Ericsson joins CONCORDIA and aims to confront new threats from 5G and IoT development

One particular threat on the agenda of CONCORDIA is the development of 5G networks and the resulting growth of IoT device deployment. A key collaborator, Ericsson, has shared this week why it has joined the consortium “which has a mission to establish an EU-integrated cybersecurity ecosystem for digital sovereignty in Europe.”

Ericsson joined CONCORDIA last year and is now “working proactively on many levels to maintain and develop the security and reliability of telecom networks.” With CONCORDIA and a number of mobile network operators Ericsson is developing a “telco threat intelligence platform” and pilot that uses artificial intelligence and machine learning for “detecting, sharing and exchanging threats in 5G networks, and enable intelligent processing of ML/AI threat information and privacy-preserving ML/AI.” Ericsson adds:

“This major pilot is being launched to address the cybersecurity questions that will inevitably arise – from both a political and technological perspective – as our society becomes increasingly digitalized and connected.”

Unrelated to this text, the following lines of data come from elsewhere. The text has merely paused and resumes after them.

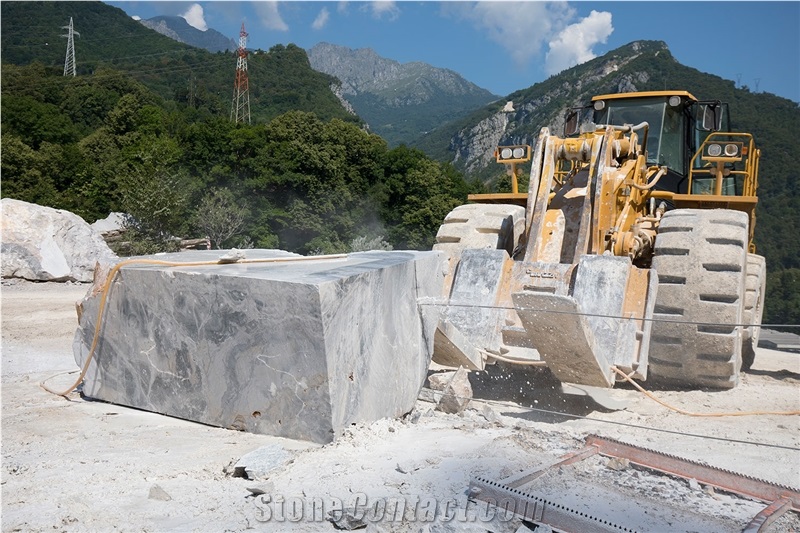 Arabescato Orobico Grey Marble Blocks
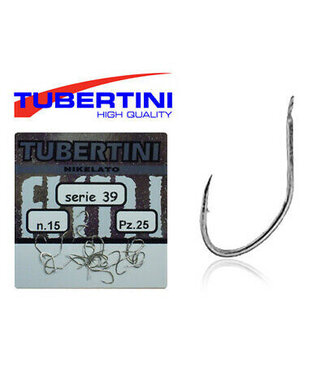 Tubertini Hameçon Nikelato Serie 39 (25pcs)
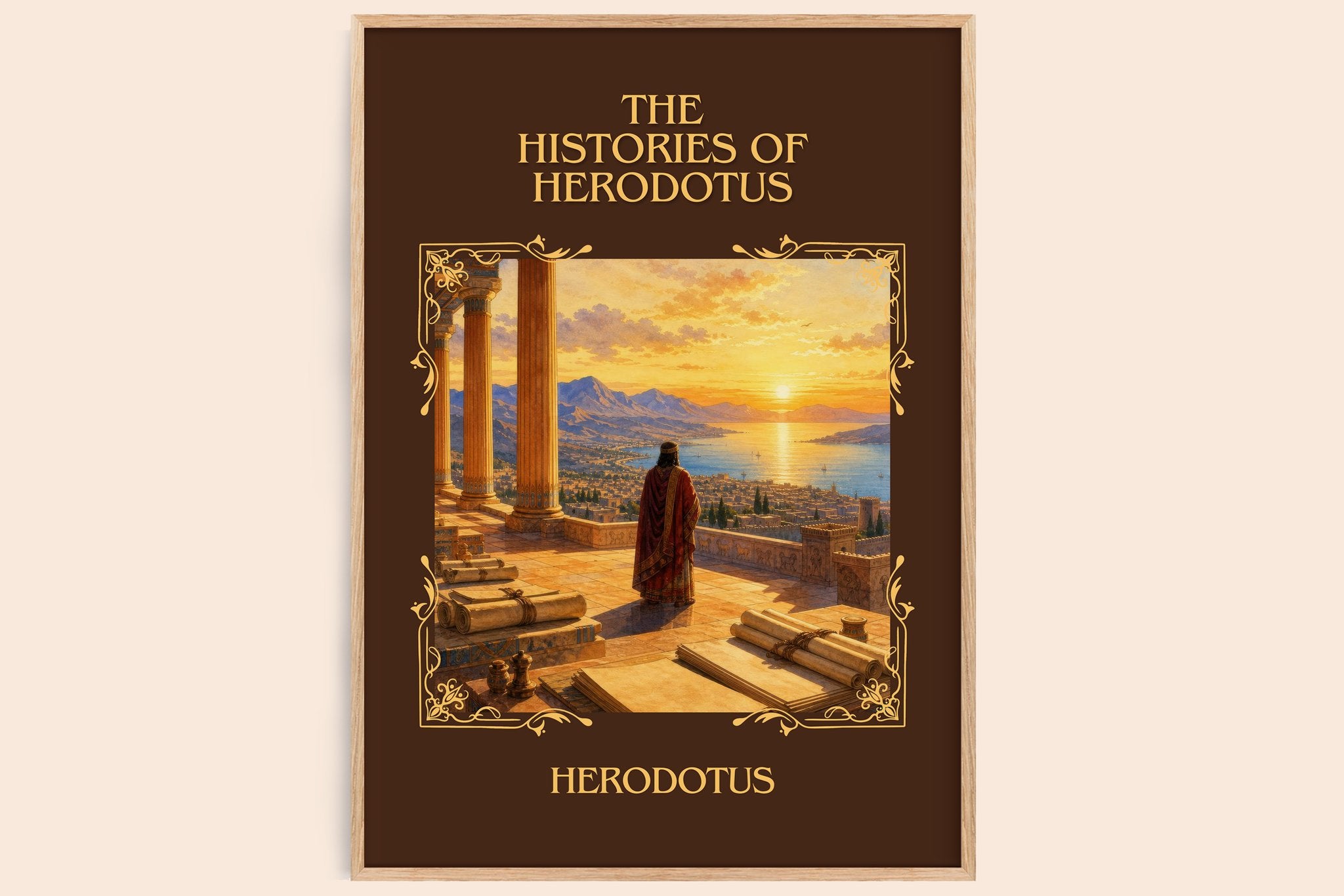 The Histories of Herodotus Classic Book Art Print by Herodotus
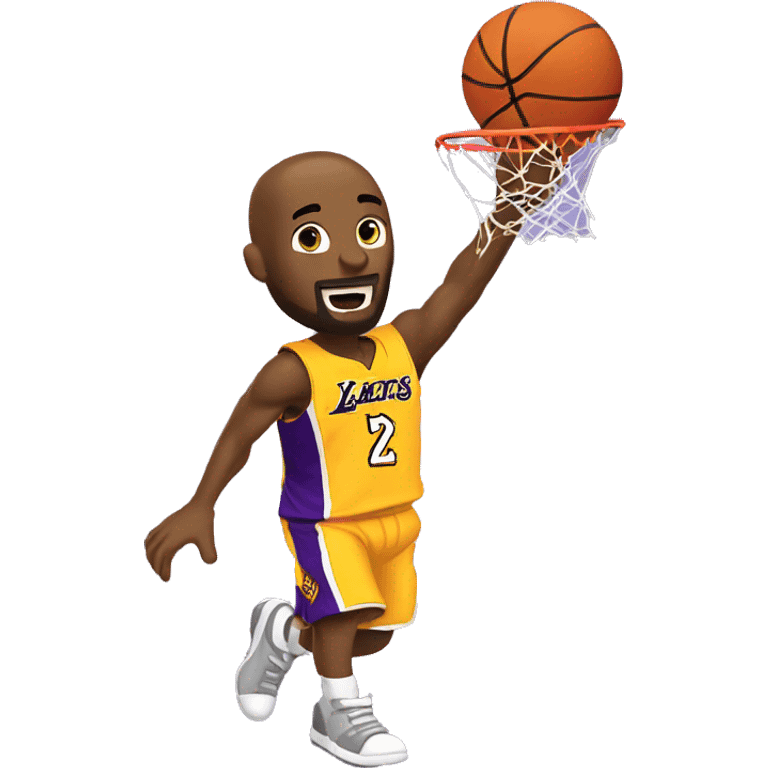 Kobe shooting a basketball emoji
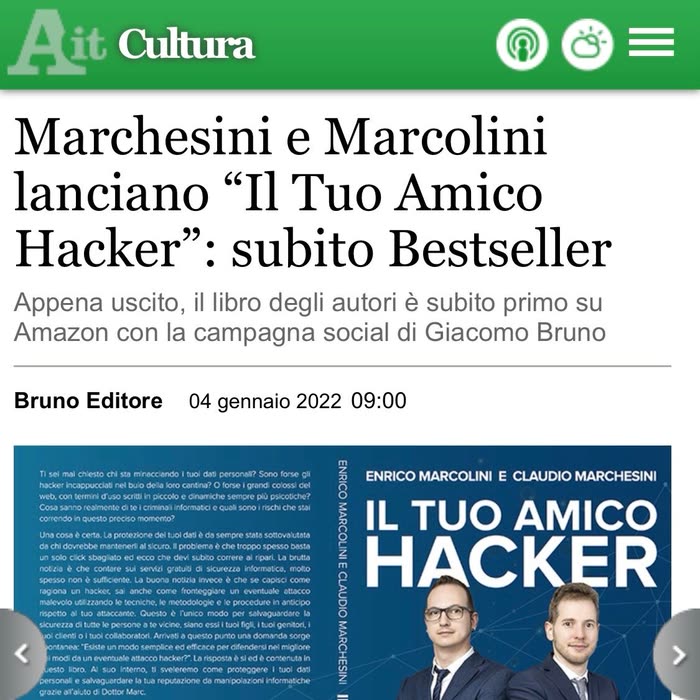 Affaritaliani Cultura — Il Tuo Amico Hacker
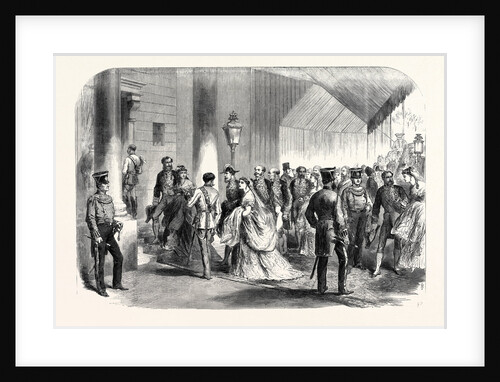 The Queen's Drawingroom: The Ambassadors' Entrance Buckingham Palace 1868 by Anonymous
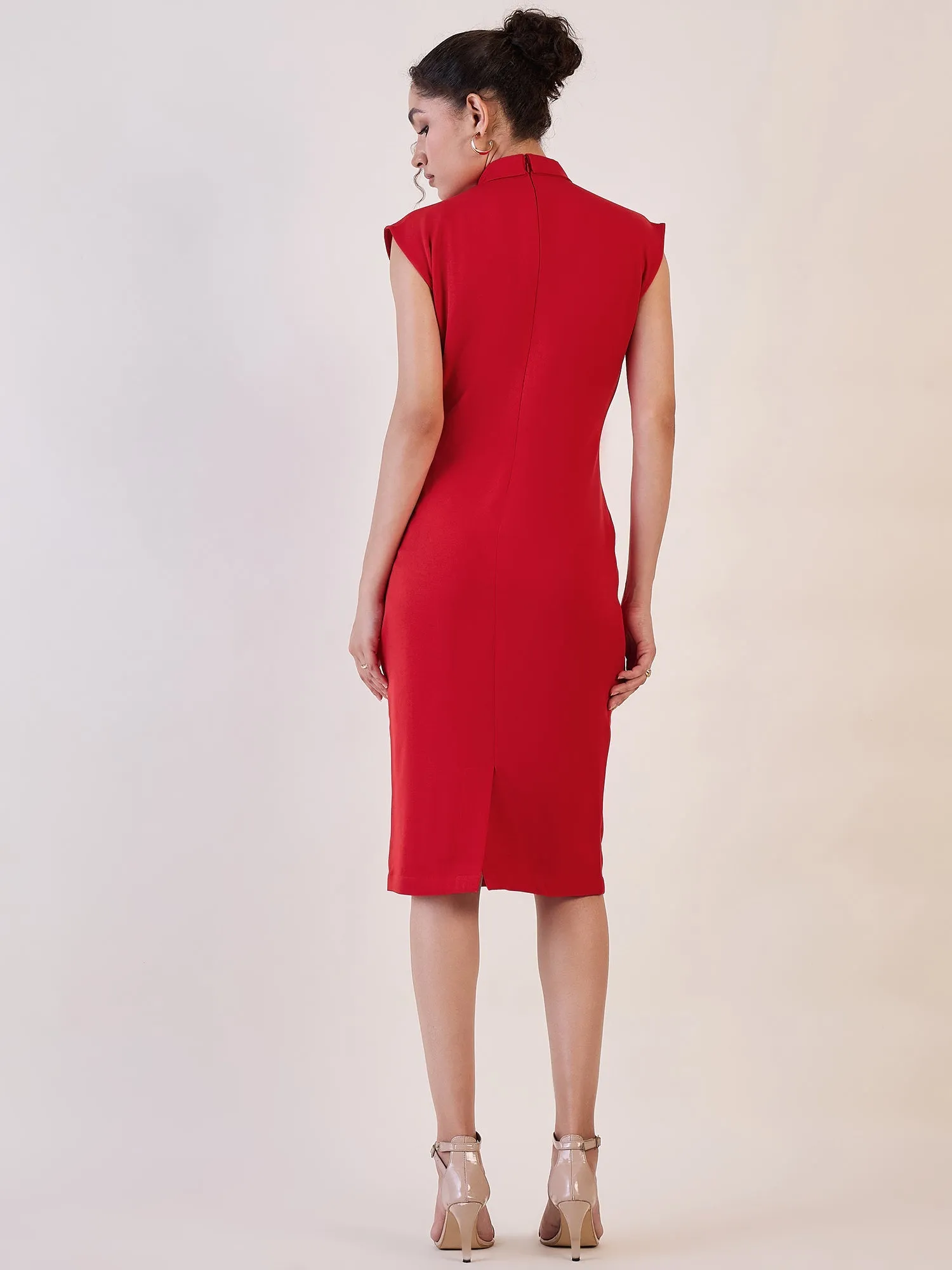 Red Marina Shift Dress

5G and the development of widescale IoT usage is a very serious new cybersecurity threat. Ericsson writes:

“5G will enable massive deployment of IoT networks, potentially inviting large-scale attacks which naturally need to be prevented. Hence, one of Ericsson’s main interests in CONCORDIA is researching machine learning (ML)-assisted technical solutions for efficient prevention and detection of malware and botnets in mobile networks.”

In a 5G network, as in corporate networks, malware and botnets can “roam” so “real-time data including threat intelligence information needs to be shared between telco companies so others can take proactive measures against attacks.”

The telco collaboration will also investigate how to process Indicator of Compromise (IoC) data that is shared by Cyber Threat Intelligence (CTI) platforms in order to disseminate the information and deploy it quickly for the right industry. Telecommunications systems threats may be different to banking threats, for example. The pilot also aims to aid a move to data privacy and reduce data breaches, it adds:

“The telco pilot also considers cases where service/content providers collect information in violation to privacy legislations like GDPR e.g. without user consent. Information about such service/content providers could be rapidly propagated via CTI platforms so that consumers or privacy agents can take measures to prevent information from being leaked.”

Ericsson and its telco project partners have chosen to use CTI platform MISP, which is financed by the EU, to develop its “European Threat Intelligence Pilot” which will share telco threat intelligence. There are similar pilots planned for the financial and insurance sectors.